Nihayet 26 Ağustos 2022 cuma günü Ankara Eryaman'dan öğleden sonra 18:30'da ailem ve torunum Toprak'la vedalaşarak Ağrı Dağı tırmanışı için İsmail Kaymak liderliğinde Ankara Dağcılar Birliği ekibiyle Sadık Tanyıldız’ın minibüsüyle yola çıktık. 17 saatlik gündüz ve gece süren bir yolculuktan sonra 27 Ağustos Cumartesi 11:00 civarında Ağrı Doğubeyazıt'a ulaştık.
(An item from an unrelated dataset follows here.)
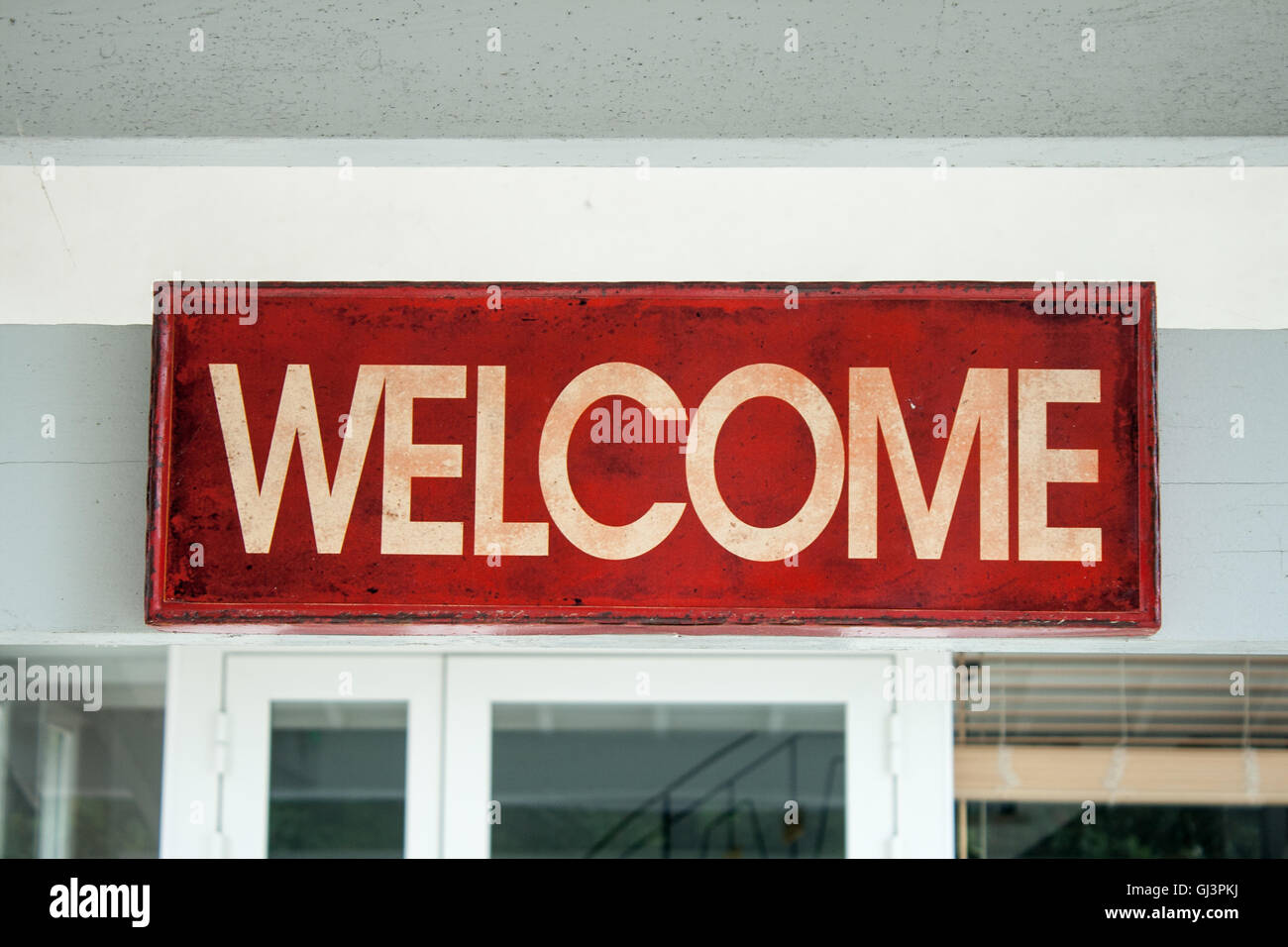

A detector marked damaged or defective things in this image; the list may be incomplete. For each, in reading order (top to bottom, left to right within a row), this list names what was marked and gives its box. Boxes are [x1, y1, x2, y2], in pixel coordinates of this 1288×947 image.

Ertesi gün tırmanışı deneyeceğimiz dev kütle, ihtişamlı Ağrı Dağı bütün haşmetiyle önümüzde idi. Bir gece konaklayacağımız Kenan Otel'e yerleştik. Öğleden Doğu Beyazıt'taki ilk günümüzde otelde biraz dinlendikten sonra İshak Paşa Sarayı'na gittik. İhtişamlı Ağrı Dağı tepesindeki kar buzul ile şehrin fonunu oluşturuyordu. Şehre hakim bir tepeye yapılan İshak Paşa sarayı, iktidarın güç gösterisi olmanın yanında sanatın gücü olarak Ağrı Dağı eteklerinden getirilen kayalardan yontularak yapılan, taş işçiliğinin ve mimarinin adeta zirve noktasını temsil ediyor. Daha önce akademik bir gezi nedeniyle geldiğim ve ikinci kez gördüğüm bu muhteşem yapı detaylarıyla ve efsaneleriyle beni etkilemeye devam ediyor. Yapımı 99 yıl sürdüğü açık kaynaklarda belirtilen İshak Paşa Sarayı 366 odalı imiş. Sarayın yapımına 1685 yılında başlanmış, 1784’te tamamlanmış. Mimarı belli değil. 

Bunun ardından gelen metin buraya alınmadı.